PersistentVolumeClaim (PVC)

  • A PersistentVolumeClaim is a request for storage by a user. It specifies size, access modes, and optionally, a StorageClass. Kubernetes matches PVCs to PVs based on these specifications

Key Attributes:

  1. Requested Storage: The size of the storage needed.
  2. Access Modes: How the storage should be accessed.
  3. StorageClass: (Optional) Specifies the desired StorageClass for dynamic provisioning.
  4. every PVC binds to a single PV k8s finds PV with sufficient requirements. you can also use the labels to bind to the right volume.
  5. if no new PV is available then PVC will go in pending state.
  6. multiple PVCs cannot bind to the same PV.
    1. A PVC (Persistent Volume Claim) is exclusively bound to a PV (Persistent Volume).
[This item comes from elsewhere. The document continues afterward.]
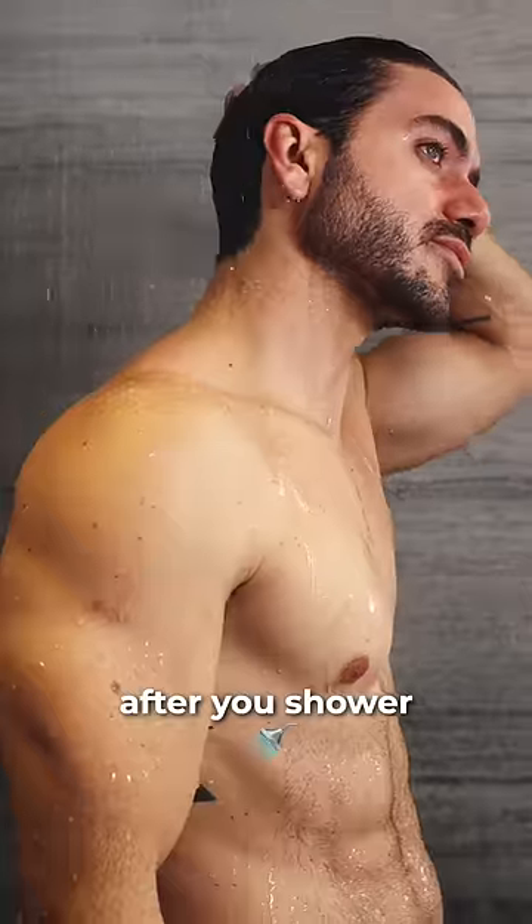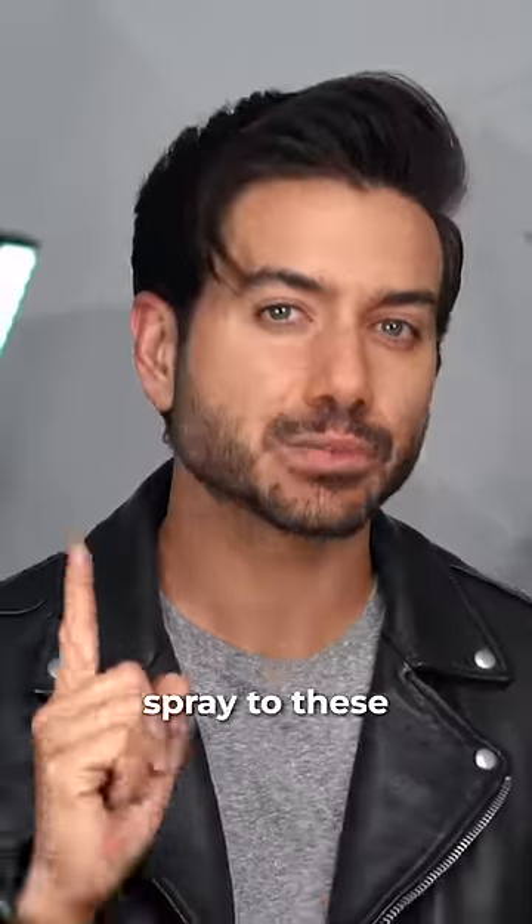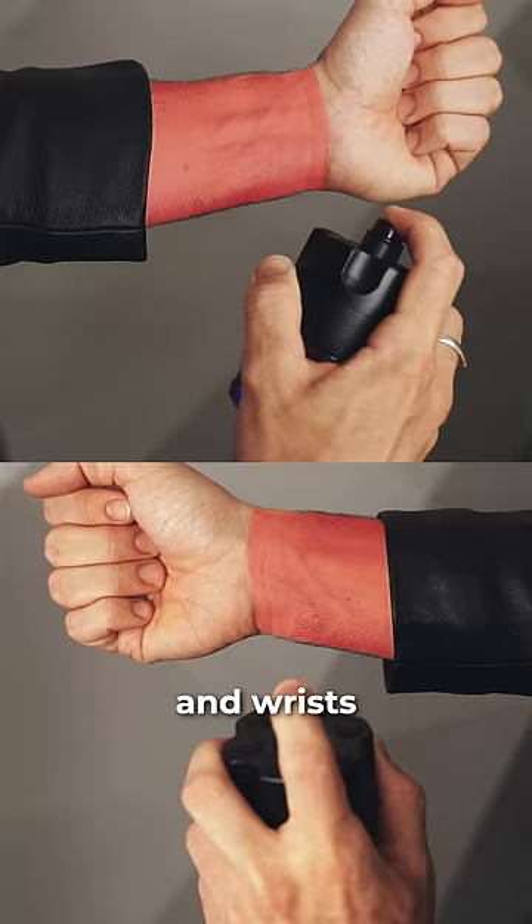Here's the proper way to apply cologne. After you shower, apply a body lotion to make your fragrance last longer. Then apply one spray to these pulse points: behind your ears, chest, and wrists.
The binding is a one-to-one mapping, using a ClaimRef, which is a bi-directional binding between the PersistentVolume and the PersistentVolumeClaim.
apiVersion: v1
kind: PersistentVolumeClaim
metadata:
  name: pvc-example
spec:
  accessModes:
    - ReadWriteOnce
  resources:
    requests:
      storage: 5Gi
  storageClassName: ebs-sc # Optinal

persistentVolumeReclaimPolicy has three option retain, recycle and deleted

The persistentVolumeReclaimPolicy in Kubernetes specifies what should happen to a PersistentVolume (PV) when its associated PersistentVolumeClaim (PVC) is deleted.

  • Retain Use Case: Useful when data should be preserved after a Pod stops using it, such as for auditing or backup purposes. Administrators can later manually manage the volume (e.g., delete or reassign it to a new claim).
  • Delete Use Case: Common in cloud environments where dynamically provisioned volumes are frequently created and removed. Ideal when storage needs to be automatically freed up to avoid unnecessary costs.
  • Recycle (Deprecated in many Kubernetes versions) Use Case: Used in older Kubernetes setups where basic cleansing of data on release was acceptable. It is now mostly replaced by more secure methods.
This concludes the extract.